EXERCISE REQUIREMENTS: A faithful copy is required. Print each line of the data exactly and omit the pictures.

SOURCE MATERIAL:
-----
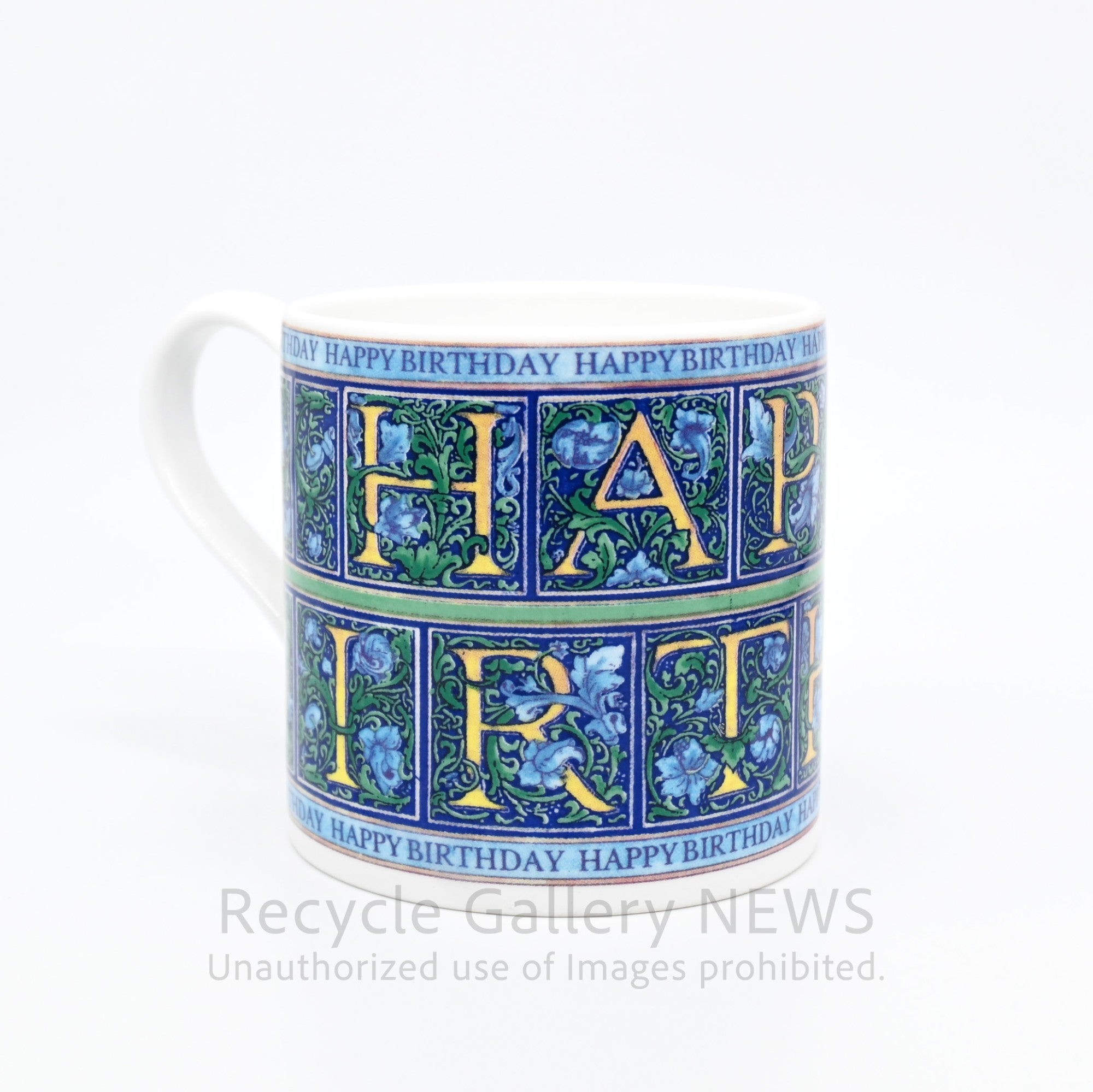 WEDGWOOD "HAPPY BIRTHDAY" Mug Cup Blue Botanical Pattern Bone China Giftware / ウェッジウッド ハッピーバースデイ マグカップ ブルー ボタニカル柄 ギフト ボーンチャイナ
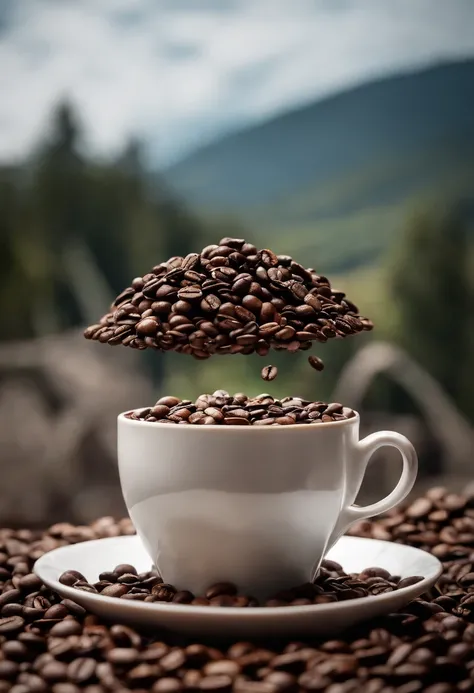 A visually stunning composition of a coffee cup surrounded by spilled coffee beans, creating a visually whimsical and playful scene.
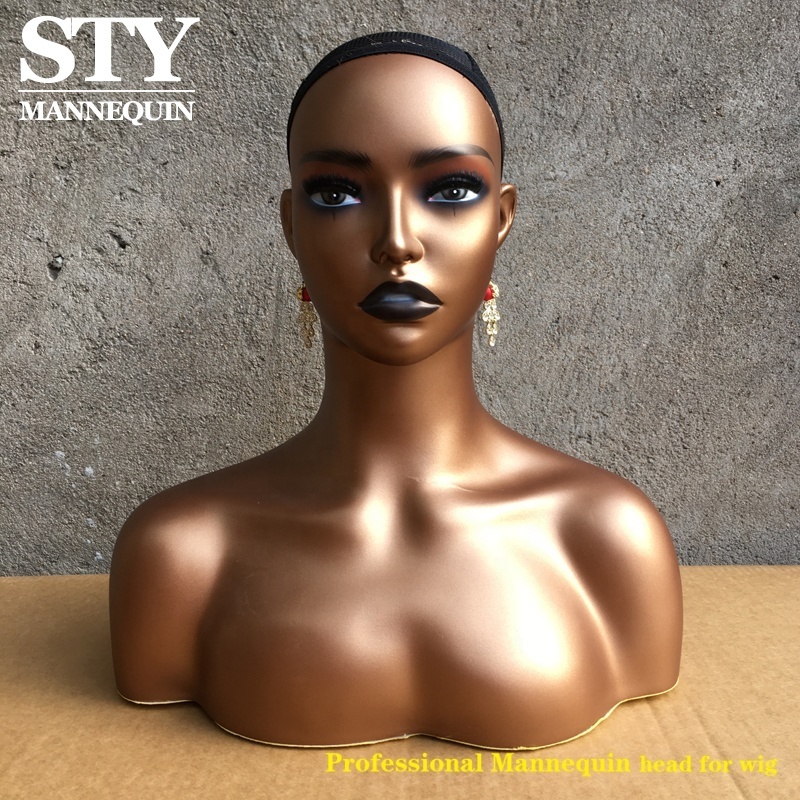 African American Wig Display Mannequin Head with Shoulder Realistic Half Body Double Shoulder Beautiful Manniquin Wig Head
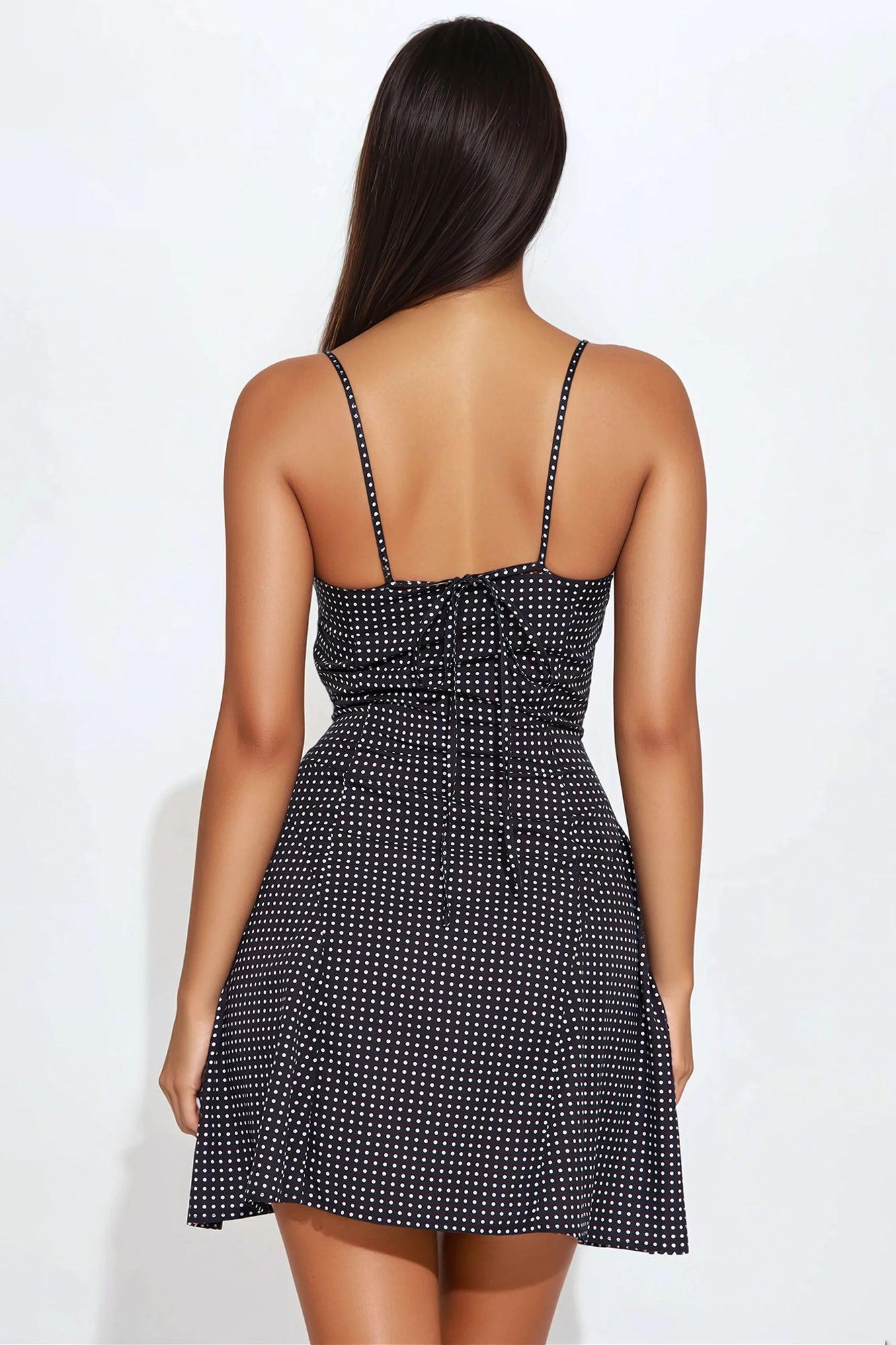 Yvette Polka Dot Mini Dress - Black Product Image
-----
WRITTEN SOLUTION:
 WEDGWOOD "HAPPY BIRTHDAY" Mug Cup Blue Botanical Pattern Bone China Giftware / ウェッジウッド ハッピーバースデイ マグカップ ブルー ボタニカル柄 ギフト ボーンチャイナ
 A visually stunning composition of a coffee cup surrounded by spilled coffee beans, creating a visually whimsical and playful scene.
 African American Wig Display Mannequin Head with Shoulder Realistic Half Body Double Shoulder Beautiful Manniquin Wig Head
 Yvette Polka Dot Mini Dress - Black Product Image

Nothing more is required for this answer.